The $v(\eta ,\tau )$ component of the potential (10), $\mathcal{V}(\eta ,\tau )$, results in the following expression in case of non-chaotic inflation, assuming the condition ${\phi }_c=1$:

$$\begin{array}{ccc}\hfill v(\eta ,\tau )& =& \left(g_m+2g_k\eta +3g_q{\eta }^2-4g_{\Lambda }{\eta }^3+2{\displaystyle \frac{g_s}{{\eta }^3}}+{\displaystyle \frac{(3\alpha -2)\alpha }{{\eta }^{3\alpha -1}}}\right)\tau +{\displaystyle \frac{(3\alpha -1)\alpha {\tau }^2}{2{\eta }^{6\alpha -1}}}\hfill \\ & & +{\displaystyle \frac{(3\alpha -1)\alpha \varsigma {\tau }^2}{2{\eta }^{6\alpha -1}}}\pm {\displaystyle \frac{(3\alpha -1)\alpha }{48\eta }}\left({\displaystyle \frac{1}{\varsigma }}\sqrt[3/2]{1+{\displaystyle \frac{8\varsigma \tau }{{\eta }^{3\alpha -1}}}}-\sqrt[3/2]{1-{\displaystyle \frac{8\tau }{{\eta }^{3\alpha -1}}}}\right)\hfill \\ & & \pm {\displaystyle \frac{(3\alpha -1)g_{\phi }^2{\eta }^{3\alpha -2}}{280\varsigma }}\{\left({\displaystyle \frac{12\varsigma \tau }{{\eta }^{3\alpha -1}}}-1\right)\sqrt[3/2]{1+{\displaystyle \frac{8\varsigma \tau }{{\eta }^{3\alpha -1}}}}\hfill \\ & & -\left({\displaystyle \frac{20\varsigma \tau }{{\eta }^{3\alpha -1}}}-1\right)\sqrt[5/2]{1+{\displaystyle \frac{8\varsigma \tau }{{\eta }^{3\alpha -1}}}}\}\hfill \end{array}$$

(12)

3. Relic Gravitational Waves

Similarly to the CMB, the gravitational wave background is expected to propagate as a homogeneous noise, although it is supposedly too weak to be measured by current detection systems.

When investigating relic gravitational waves and their production in the first evolutionary stages of the branch-cut universe, we adopt a proposition that follows the conceptual approach of general relativity, the application of perturbation theory to the metric tensor that describes the geometry of space-time in the weak field domain, assuming a linearized gravity BCG approach.

Quantum mechanics (QM) and pseudo-complex general relativity (pc-GR), by incorporating theoretical notions of existential closure as well as model completeness and domain extension [28], have expanded their descriptive scope realization to unique theoretical standards. (Augmented) quantum mechanics, by expanding its scope of realization from real variables to the domain of complex variables, and (Augmented General Relativity) pc-GR by covering the real and pseudo-complex domains have expanded our perception from infinitesimally small to immeasurably large scales.
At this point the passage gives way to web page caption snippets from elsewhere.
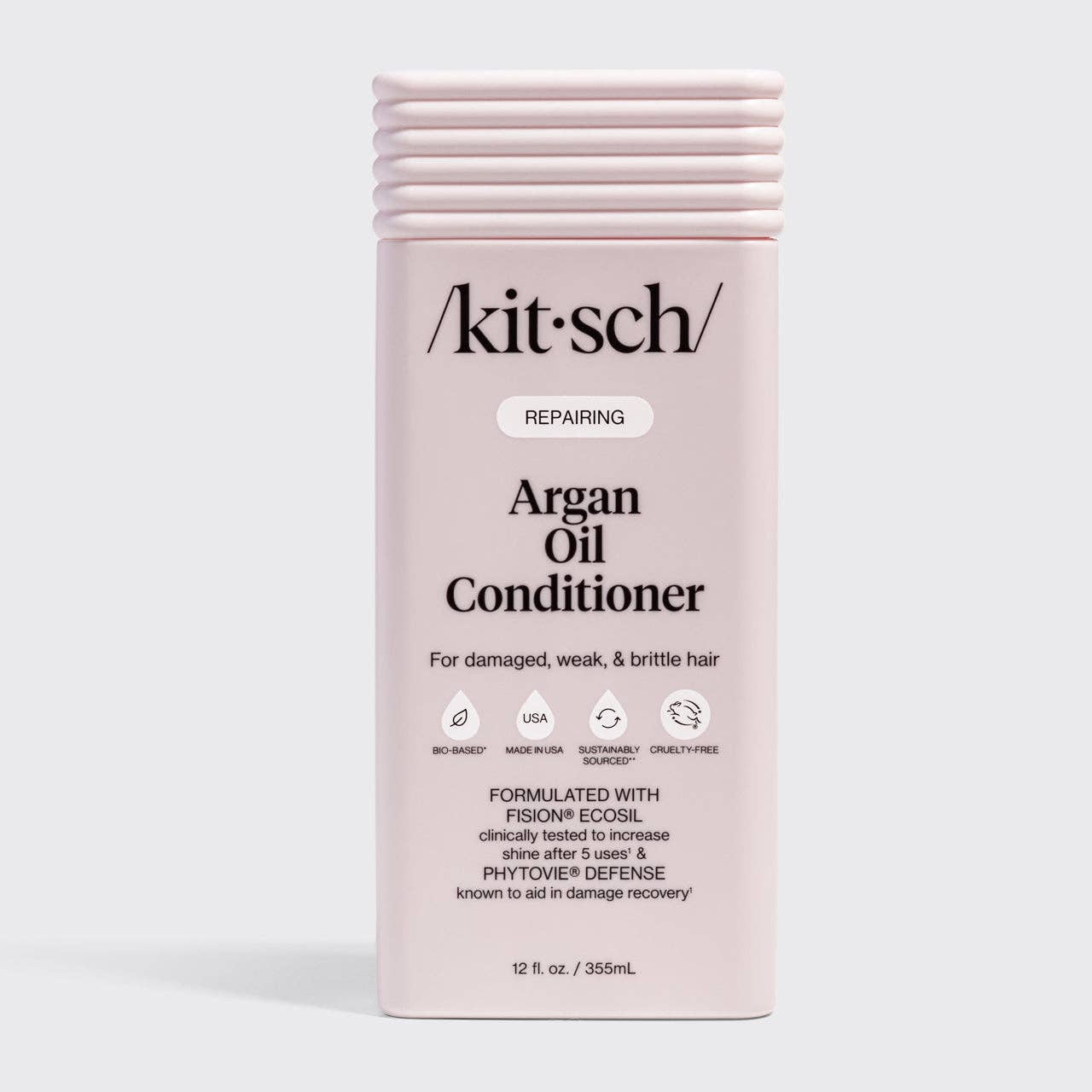 Pale-pink bottle of kitsch Repairing Argan Oil Conditioner for damaged hair, featuring sustainable, cruelty-free ingredients and enhancing shine and reducing frizz.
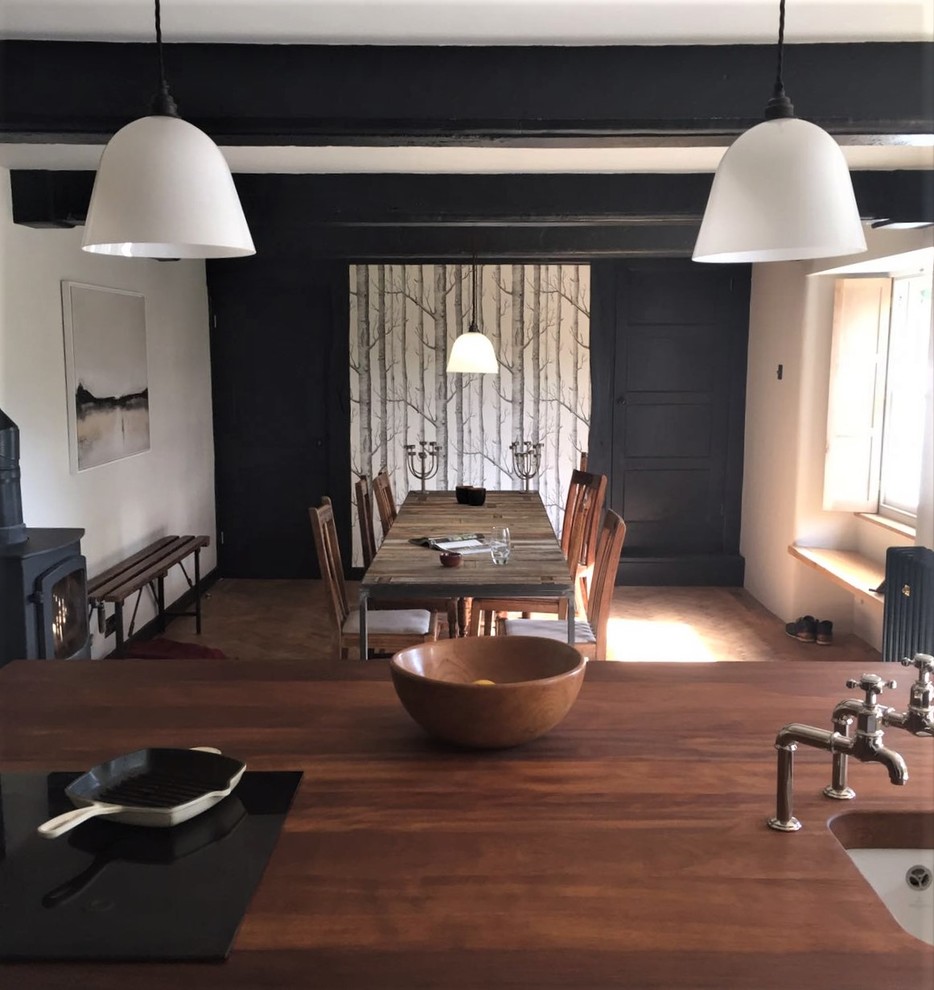 Cette image montre une grande salle à manger ouverte sur la cuisine rustique avec un sol en bois brun.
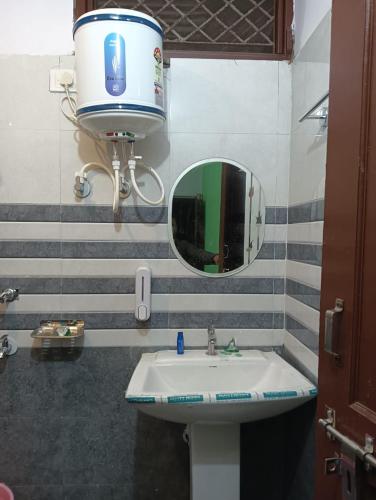 a bathroom with a sink and a large mirror at Trishool inn residency in Chandrāpuri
The incorporation of such notions of descriptive domain extension materialized into physical observable manifestations in quantum mechanics [29,30] while pc-GR, comprising an environment composed of pseudo-complex variables, generated a mechanism for suppressing the primordial gravitational singularity and led to a unique prediction as the accumulation of dark energy around a mass and a generalized Mach principle. For a review on pcGR see [31,32,33,34].
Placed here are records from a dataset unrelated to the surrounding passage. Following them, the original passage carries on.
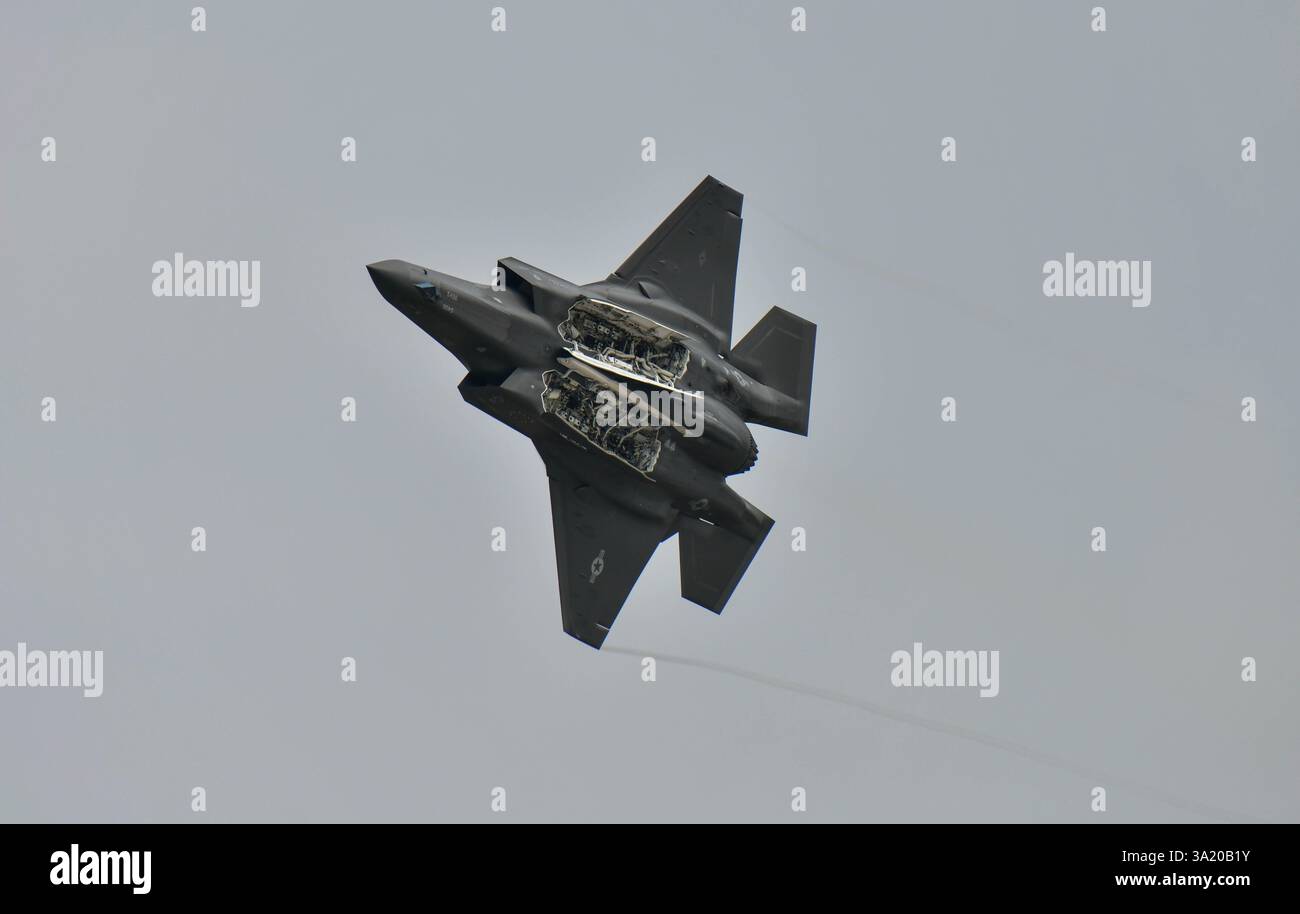 The US Air Force F-35 Demo Team performing at Royal Thai Air Force 88th Anniversary Air Show. Bangkok, Thailand Stock Photo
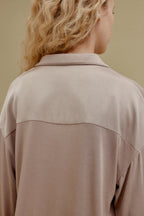 Back view of woman wearing tan pajama shirt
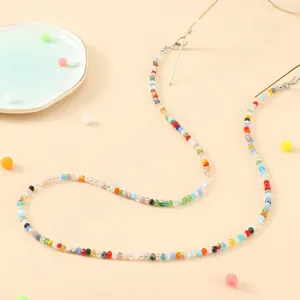 Detailed shot of multi-colored crystal beads on a stylish eyewear chain with metal clasps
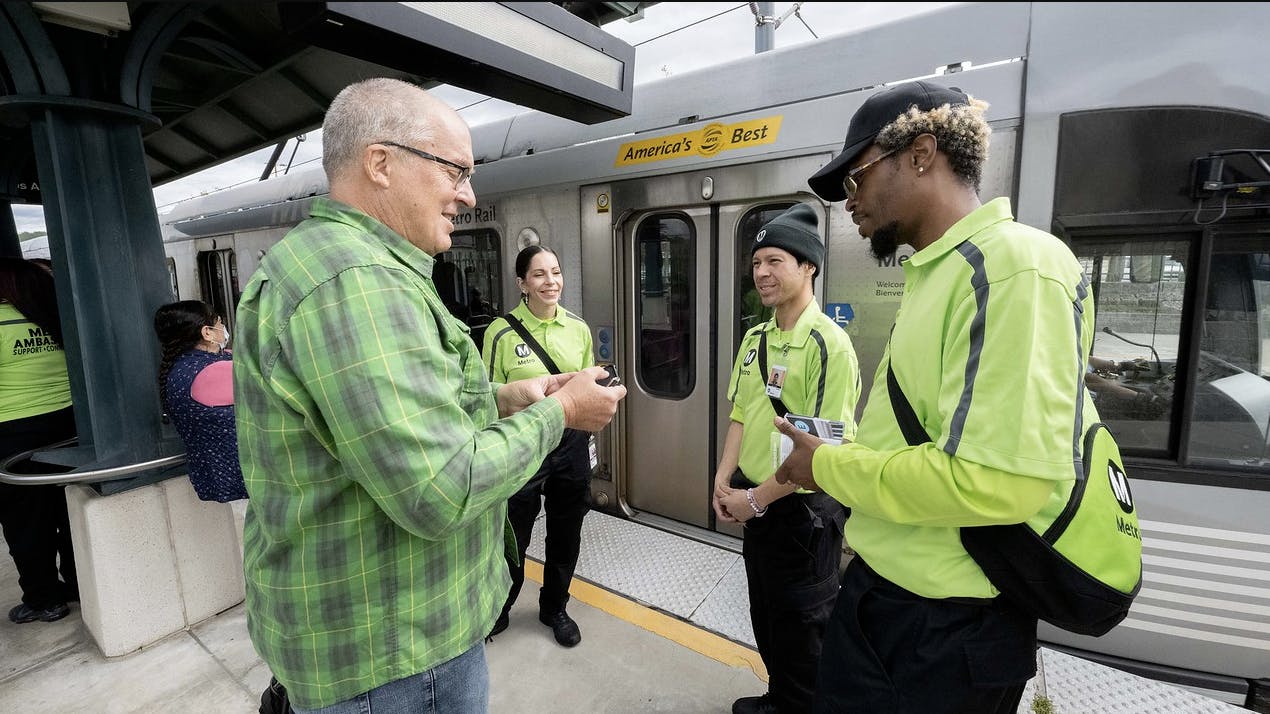 L.A. Metro transit ambassadors dressed in neon green shirts interact with a rider at a rail platform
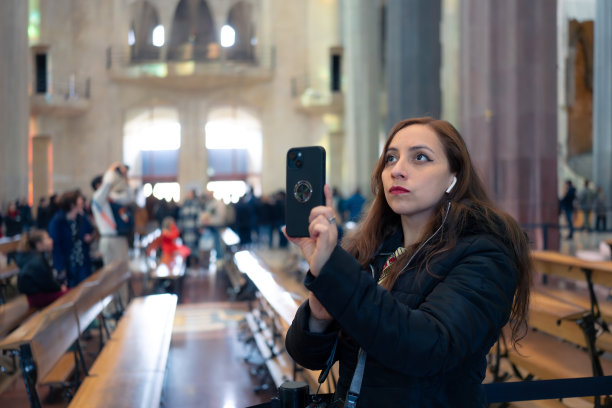 在西班牙巴塞罗那的观光旅行中，身着传统墨西哥服装，头戴耳机的年轻拉丁女游客在智能手机上拍摄历史建筑图片下载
Accordingly, the development of the classical branch cut gravity (BCG) formulation was motivated by augmented quantum mechanics and pc-GR, more precisely, by theoretical notions of existential closure, as well as completeness of the model and domain extension [12,13,14,15,18,19,20,35,36,37].

In this respect, the concept of domain extension proved to be fundamental to the theoretical and experimental realization of a quantum version of branched and foliated Riemannian quantum gravity (see the inspiring paper by Paul Adrien Maurice Dirac [38]). Constructed as an image of general relativity, yet analytically continued to the complex plane, BCQG describes a hypothetical set of multiple linearly independent universes, existing in parallel, each emerging from its own singularity.

The imposition that all multiverses compose a single universe, in the limit of the infinitesimal separation tending to zero of the originally isolated multiple singularities, when merging, these singularities generate a branch-cut complex continuous structure, around a branch point, whose solutions are Riemann-type equations, analytically continued to the complex plane. It is important to emphasize at this point that BCQG expands the domain of realization of the governing principles of General Relativity, as well as its metaphysical commitments, its established relations and the operations that form the basis of its theoretical framework, in addition to evidently establishing a distinct representation of dynamical spacetime.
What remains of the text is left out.